Availability At time of closure

Terrestrial
- Freeview: Channel 17 (1)

= TV Travel Shop =

British television channel

TV Travel Shop was a British television channel that sold holidays.

==History==
TV Travel Shop was created in a partnership between UK travelman Harry Goodman and British broadcasting conglomerate Flextech. The service originally launched on 4 April 1998, taking the transponder from The Children's Channel which closed the day before, on analogue satellite and cable from 6:00 am–5:00 pm, timesharing with Challenge TV.

In 1999, the channel launched on Sky Digital and began airing 24 hours a day. In August, Flextech revealed a £14 million loss from the launch of TV Travel Shop and its sister business Screenshop.
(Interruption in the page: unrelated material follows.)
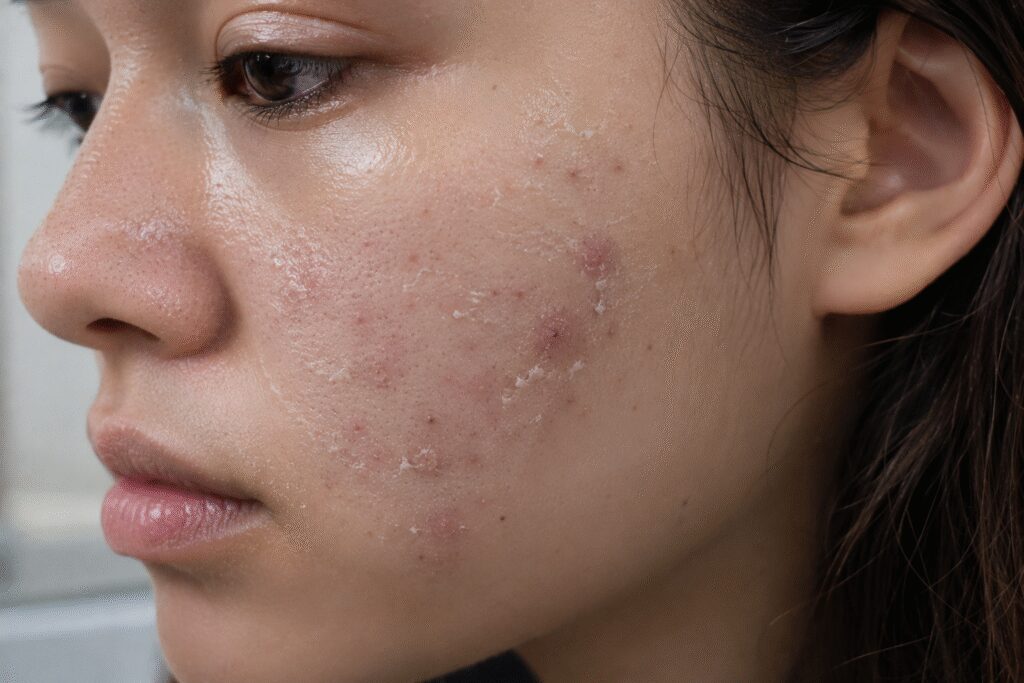 Why Do I Keep Getting Acne in the Same Spot? Here's What Your Skin Might Be Trying to Tell You 8 Close-up of skincare product buildup on the face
In March 2000, Flextech sold a 38% stake in the business to Barclays Private Equity. Later on in the year, the channel launched on ONdigital, using capacity from ONrequest 2 (later ITV Select 2), and broadcast 6 am-12 pm weekdays, and 6 am-10 am weekends, free to air on channel 44. In the same year, a sister channel, TV Travel Shop 2 was launched on Sky Digital, offering late bargains, new places, and repeats of shows from TV Travel Shop. This was positioned next to TV Travel Shop on Sky Digital.

In December 2001, TV Travel Shop 2 launched on NTL.
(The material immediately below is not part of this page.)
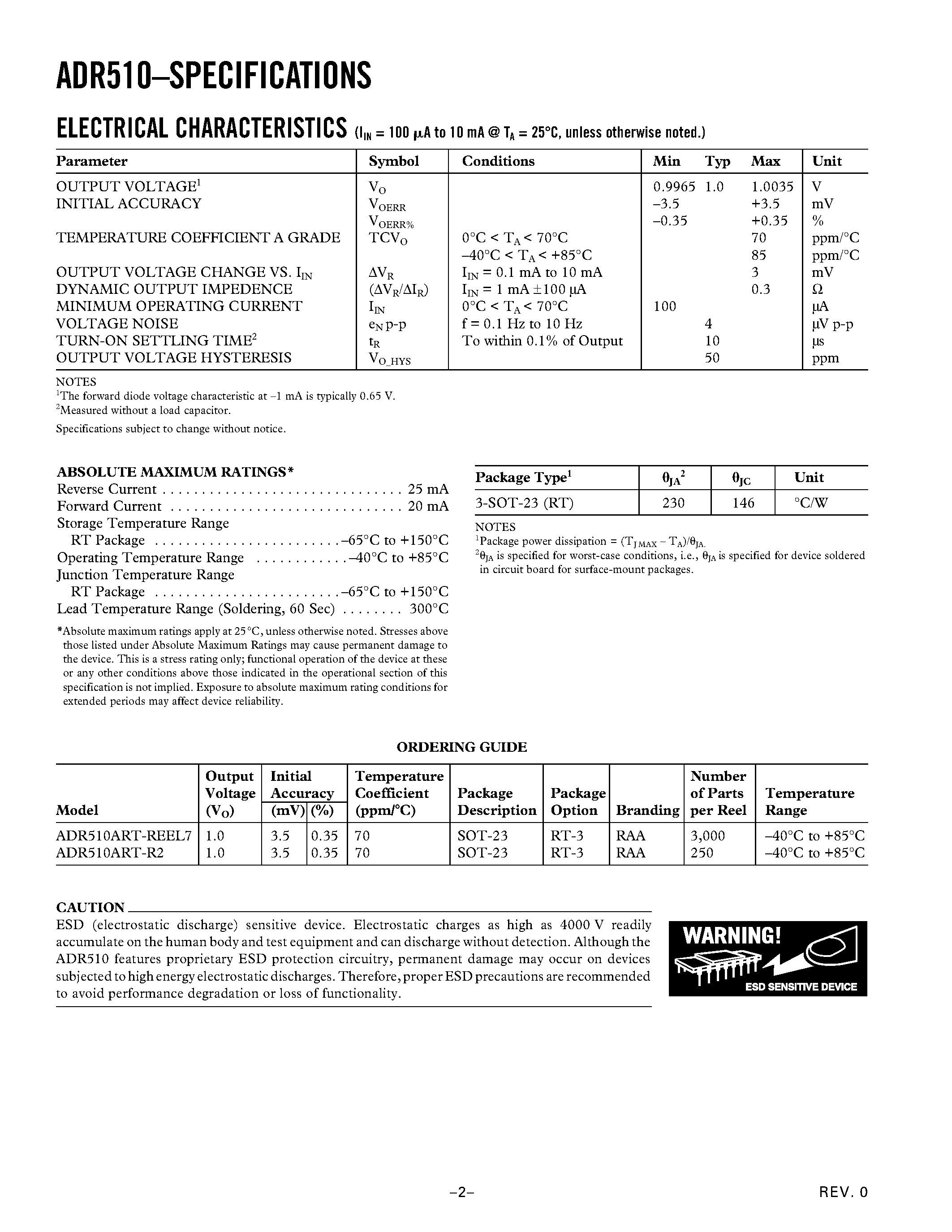 Datasheet ADR510ART-R2 - 1.0 V Precision Low Noise Shunt Voltage Reference page 2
Its hours on ITV Digital were extended in January 2002 to be broadcast from 6 am-6 pm daily. However, after the demise of ITV Digital, TV Travel Shop made a deal with the multiplex operator, SDN, to carry the channel 24 hours a day using the newly freed-up capacity. It moved to channel 17 at the launch of Freeview.

In January 2002, TV Travel Shop had talks with USA Networks, the then-owners of Expedia, for a potential takeover. The business was soon purchased by USA later on in the year. In December, TV Travel Shop launched its first advertising campaign on free-TV under a sponsorship deal with ITV for New Year's Eve and New Year's Day 2002/2003.
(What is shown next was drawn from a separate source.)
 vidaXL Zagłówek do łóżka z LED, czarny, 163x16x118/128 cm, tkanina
In July 2003, Goodman announced he had resigned from the business. In December, Top Up TV was looking to buy slots for their new subscription platform, and acquired the slot and LCN occupied by TV Travel Shop. The channel went off air on 1 February 2004, and its stream was replaced on 30 March 2004 by a Top Up TV subscription stream.

In March 2005, TV Travel Shop announced that it would begin to focus on selling properties from sister company Expedia in a bit to cut costs. A month later, TV Travel Shop silently ceased operations with its Sky EPG slots being sold to iBuy. The IAC and Expedia separation was later completed in August After TV Travel Shop ceased operations, all sales were moved to an Expedia call centre in Belfast, whilst the cruise department remained in Bromley.